The development of gestational diabetes and gestational hypertension, probably are the most significant causes of vascular disorders in pregnant women with GDM. These vascular disorders probably lie on the basis of development of infringements of uteroplacental and fetoplacental blood flow and the development of diabetic fetopathy identified in the studied group of pregnant women with gestational diabetes. Available vascular disorders reflect the identification of vascular endothelial dysfunction in the group of pregnant women, manifested in the form of coagulation hemostasis disorders. The results of the research of some authors have shown that the risk of hypercoagulation in pregnant women is directly proportional to carbohydrate metabolism disorders (NbA1s above 7.0%), lipid metabolism (cholesterol more than 6.5 mmol/L), and albuminuria (30-300 mg/day) (15). However, according to Dodd et al., even a slight hyperglycemia contributes to the development of diabetic fetopathy (16).
We have found that in pregnant women the presence of GDMincreases the risk of the uteroplacental blood flow by 6.3 times. It is confirmed by a significant excess of disorders of uteroplacental blood flow in pregnant women with GDM. The obtained results correspond to conclusions of Nylund et al., who assessing the uteroplacental blood flow in pregnant women with diabetes has identified its disturbance among women with higher levels of blood glucose (17).

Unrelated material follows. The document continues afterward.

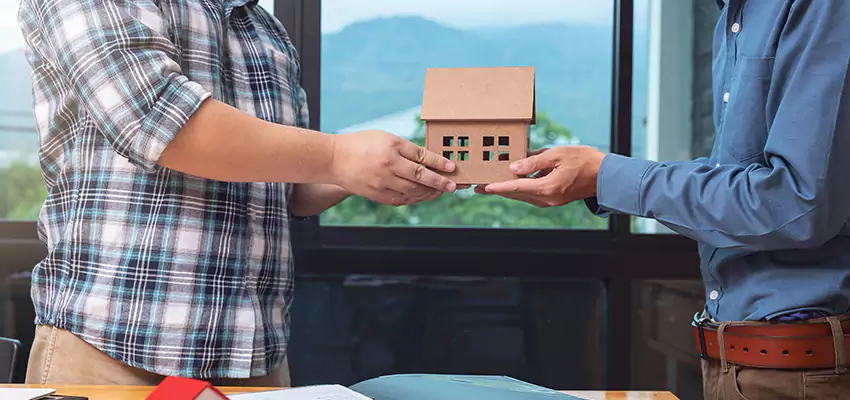 How We Determine Your Sell House with Reverse Mortgage Offer in Baldwin, NY?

Existing disorders of uteroplacental blood flow in pregnant women against the background of gestational diabetes mellitus and gestational hypertension probably contributed to the deterioration of the pregnancy course, which could be the cause of diabetic fetopathy and decrease of fetus’s life assessment according to Apgar 5I scale.
Excessed body weight in pregnant women of the main group along with fetal macrosomia could contribute to a higher frequency of use of surgical delivery and induction of delivery, which could be a risk factor for exceeding of intranatal trauma frequency in pregnant women in this group.

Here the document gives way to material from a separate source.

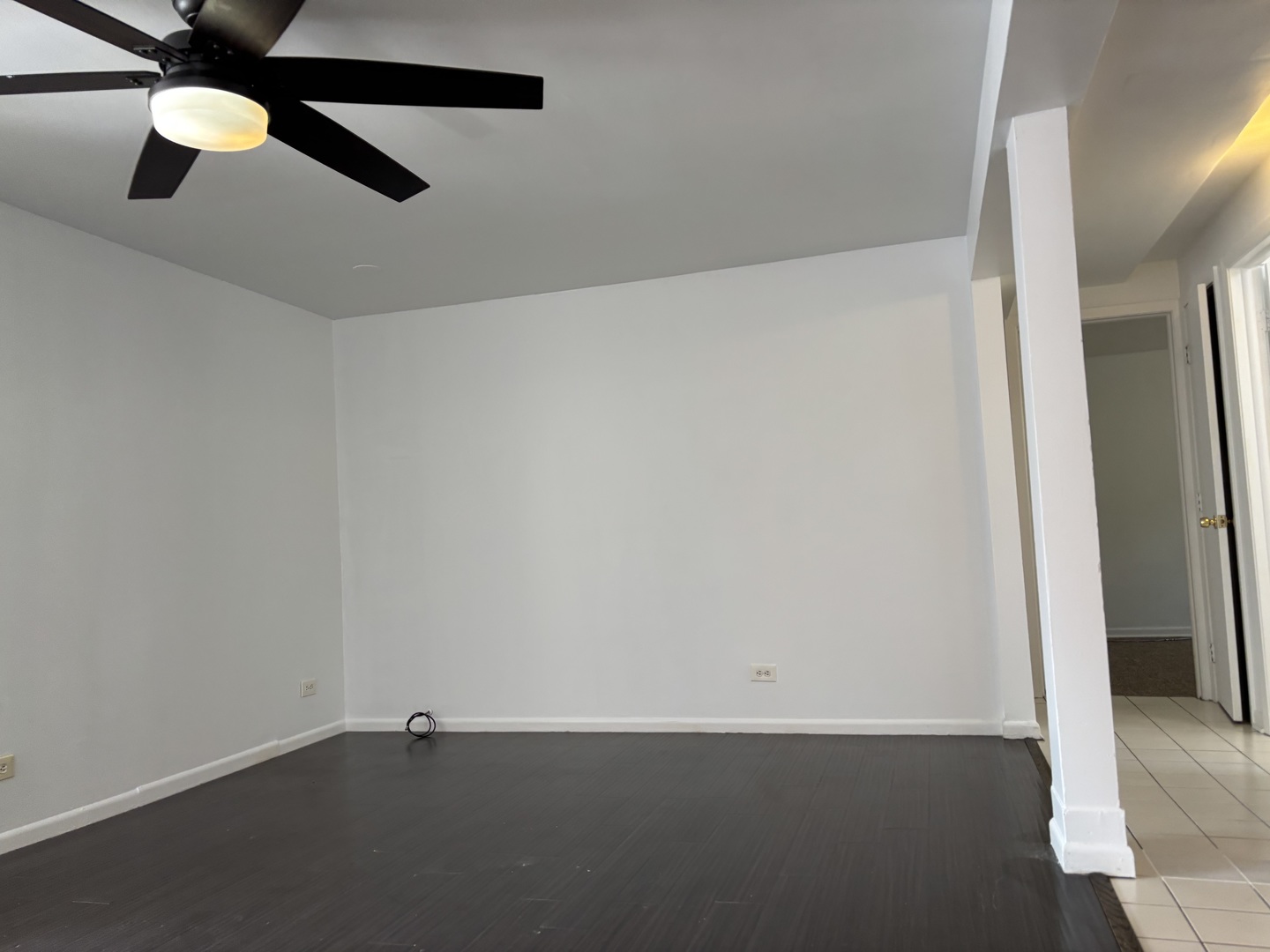5700 W Montrose Avenue 1-c Property Photo 3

We have identified that a high incidence of preeclampsia in the main group suggests that existing vascular disorders caused by GDM and gestational hypertension does not only affect the development of the fetus, but also are a risk factor for severe obstetric complications.
CONCLUSIONS
1. Pre-gravid BMI in pregnant women with gestational diabetes mellitus was significantly higher and more frequently manifests gestational hypertension.
2. The presence of gestational diabetes increases the risk of disorders of uteroplacental the blood flow by 6.3 times, it is confirmed by a significant excess of disorders of uteroplacental blood flow in pregnant women with GDM.

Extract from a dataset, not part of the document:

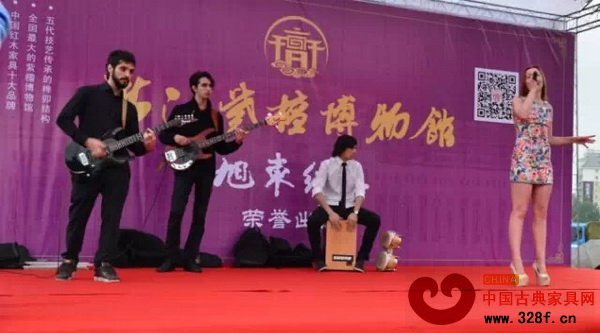 旭東紅木·浙江紫檀博物館區(qū)精彩的樂(lè)隊(duì)表演 旭東紅木·浙江紫檀博物館區(qū)精彩的樂(lè)隊(duì)表演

3. Time of delivery in pregnant women with gestational diabetes mellitus happened significantly earlier. Significantly more frequently were applied surgical delivery; induction of delivery as well as frequency of intranatal trauma was significantly higher.
4. Newborns of mothers with gestational diabetes had diabetic fetopathy more frequently and the level of life of the newborn at 5 minute according to Apgar scale was significantly lower.
Conflict of interest
The authors declare that they have no conflict of interest.